To find the molar concentration of HI in the original solution, we can use the concept of stoichiometry. The balanced equation for the reaction between NaOH and HI is:
NaOH + HI -> NaI + H2O
From the balanced equation, we can see that the ratio between the moles of NaOH and HI is 1:1.
1. Calculate the number of moles of NaOH used in the titration.
To do this, we need to use the equation:
moles of NaOH = molarity x volume in liters
Given that the molarity of the NaOH solution is 0.250 M and the volume delivered is 32.95 mL (0.03295 L), we can calculate the moles of NaOH used:
moles of NaOH = 0.250 M x 0.03295 L = 0.0082375 moles
2. Calculate the number of moles of HI in the original solution.
Since the ratio between NaOH and HI is 1:1, the moles of NaOH used also represent the moles of HI in the original solution. Therefore, the moles of HI in the original solution is:
moles of HI = 0.0082375 moles
3. Calculate the molar concentration of HI in the original solution.
To find the molar concentration, we need to divide the moles of HI by the volume of the original solution. The volume of the original solution is given as 19.75 mL (0.01975 L). Therefore:
molar concentration of HI = moles of HI / volume of original solution
= 0.0082375 moles / 0.01975 L
= 0.417 M
Therefore, the molar concentration of HI in the original solution is 0.417 M.
To find the molar concentration of HI in the original solution, we can use the concept of stoichiometry and the volume of titrant used.
Here's how to solve the problem step by step:
1. Determine the balanced chemical equation for the reaction between NaOH and HI:
NaOH + HI -> NaI + H2O
2. Calculate the number of moles of NaOH used in the titration:
Moles of NaOH = Molarity of NaOH × Volume of NaOH used (in L)
Moles of NaOH = 0.250 M × (32.95 mL / 1000 mL/L) (Note: We convert mL to L by dividing by 1000 mL/L)
Moles of NaOH = 0.0082375 mol
3. Use the stoichiometry of the balanced equation to determine the number of moles of HI:
From the balanced equation, we can see that the mole ratio of NaOH to HI is 1:1. This means that the number of moles of HI is also 0.0082375 mol.

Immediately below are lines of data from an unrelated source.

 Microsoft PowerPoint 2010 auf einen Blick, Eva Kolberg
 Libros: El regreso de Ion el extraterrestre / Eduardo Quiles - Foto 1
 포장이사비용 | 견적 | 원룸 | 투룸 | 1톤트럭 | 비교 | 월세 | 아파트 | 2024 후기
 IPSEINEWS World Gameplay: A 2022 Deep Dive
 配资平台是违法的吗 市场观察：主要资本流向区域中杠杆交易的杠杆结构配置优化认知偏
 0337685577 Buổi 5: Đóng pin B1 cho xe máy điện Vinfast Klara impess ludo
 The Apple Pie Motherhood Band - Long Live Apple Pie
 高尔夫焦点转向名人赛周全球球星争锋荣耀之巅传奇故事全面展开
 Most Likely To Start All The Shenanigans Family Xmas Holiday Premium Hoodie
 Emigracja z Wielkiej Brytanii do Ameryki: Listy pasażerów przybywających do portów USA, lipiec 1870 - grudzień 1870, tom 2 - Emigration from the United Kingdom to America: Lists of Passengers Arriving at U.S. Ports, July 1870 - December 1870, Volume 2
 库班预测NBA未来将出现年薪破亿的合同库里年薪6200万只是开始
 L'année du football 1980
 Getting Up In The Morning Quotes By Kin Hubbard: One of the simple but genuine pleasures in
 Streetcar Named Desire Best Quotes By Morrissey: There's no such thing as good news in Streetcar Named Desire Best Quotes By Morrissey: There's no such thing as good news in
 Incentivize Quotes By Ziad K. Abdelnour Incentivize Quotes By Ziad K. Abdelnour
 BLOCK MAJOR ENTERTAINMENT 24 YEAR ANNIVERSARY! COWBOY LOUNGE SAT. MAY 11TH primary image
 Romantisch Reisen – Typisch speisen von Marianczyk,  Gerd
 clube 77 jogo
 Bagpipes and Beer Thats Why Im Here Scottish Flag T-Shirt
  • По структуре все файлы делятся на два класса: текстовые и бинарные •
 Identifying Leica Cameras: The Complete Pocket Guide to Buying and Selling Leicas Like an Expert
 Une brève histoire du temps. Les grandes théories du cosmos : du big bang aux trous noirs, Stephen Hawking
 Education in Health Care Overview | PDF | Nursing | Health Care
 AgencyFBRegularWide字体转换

4. Calculate the molar concentration of HI in the original solution:
Molar concentration of HI = Moles of HI / Volume of HI used (in L)
Molar concentration of HI = 0.0082375 mol / (19.75 mL / 1000 mL/L) (Note: We convert mL to L by dividing by 1000 mL/L)
Molar concentration of HI = 0.417297 mol/L
Therefore, the molar concentration of HI in the original solution is 0.417297 mol/L.